Di sisi lain, diikat oleh tali sejarah peradaban yang panjang dan diakui oleh bangsa sendiri dan asing, frasa bahasa Indonesia berasal dari Riau itu hampir menjadi mitos. Sebagai mitos, orang tidak lagi mengedepankan pikiran, tetapi bercampur dengan perasaan. Maka pengakuan Riau sebagai cikal bakal bahasa tersebut seolah-olah sebagai harga mati, tidak ada tawaran lain. Segala alasan untuk meragukannya, dengan sendirinya tertolak.
Meskipun demikian, tidak perlu berjiwa kerdil sebagaimana ungkapan pejabat di Pusat Bahasa sendiri, Abdul Rozak Zaidan yang menyebut kemasygulan saya terhadap perkembangan bahasa Indonesia dalam konteks bahasa Melayu Riau sebagai bibit disintegrasi bangsa (Sawomanila, tanpa tarikh).
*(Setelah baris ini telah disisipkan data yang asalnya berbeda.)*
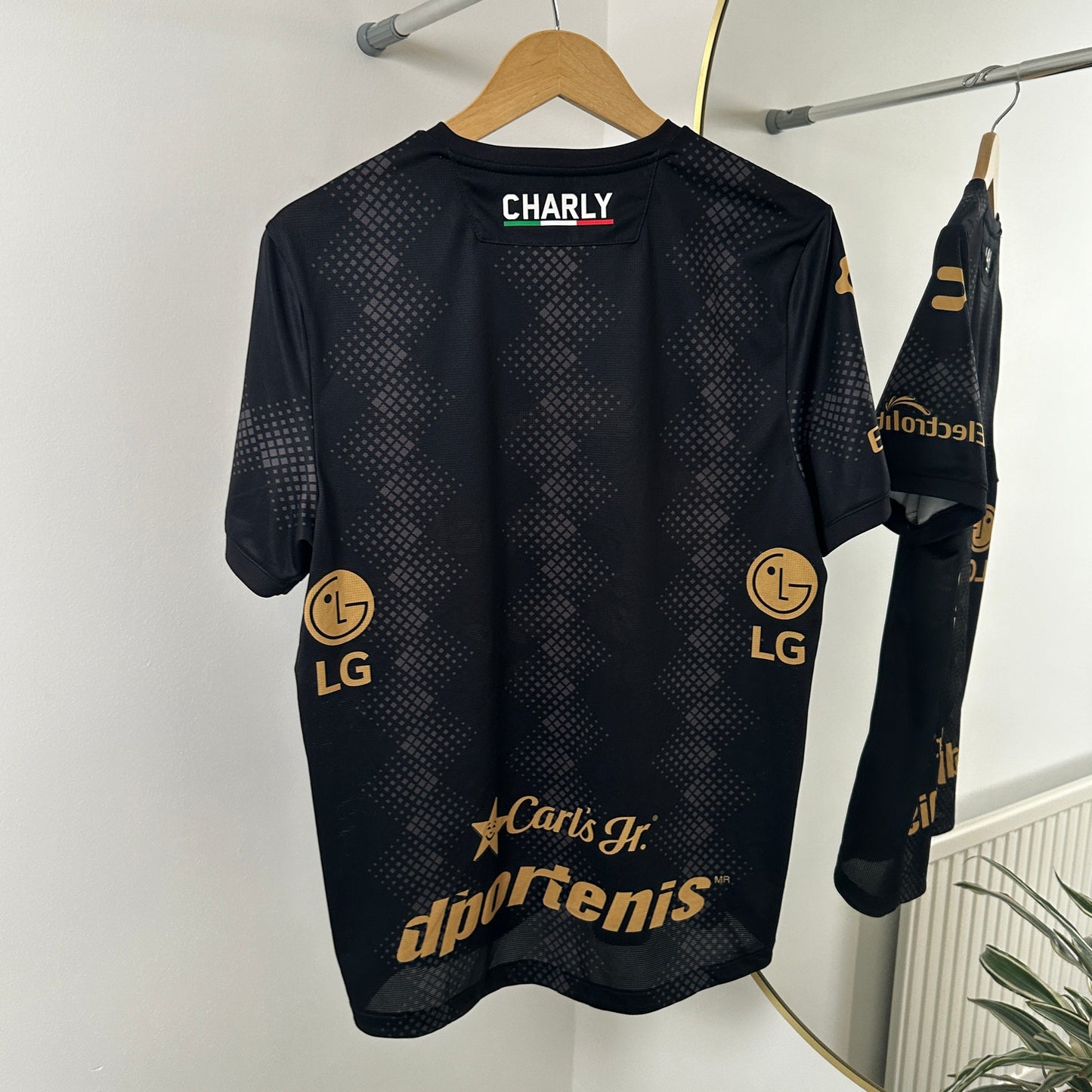 2020/21 Dorados de Sinaloa Away Shirt Size XL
Juga tidak semudah pernyataan Maryanto, yang melabelkan dirinya sebagai pemerhati politik bahasa bahwa terjadi kontra-identitas karena pelengketan Melayu dalam bahasa Indonesia (Tempo.co dan Koran Tempo, 22-23/8/2014).
Sungguh, Melayu Riau masih punya akal sehat untuk bangsa ini.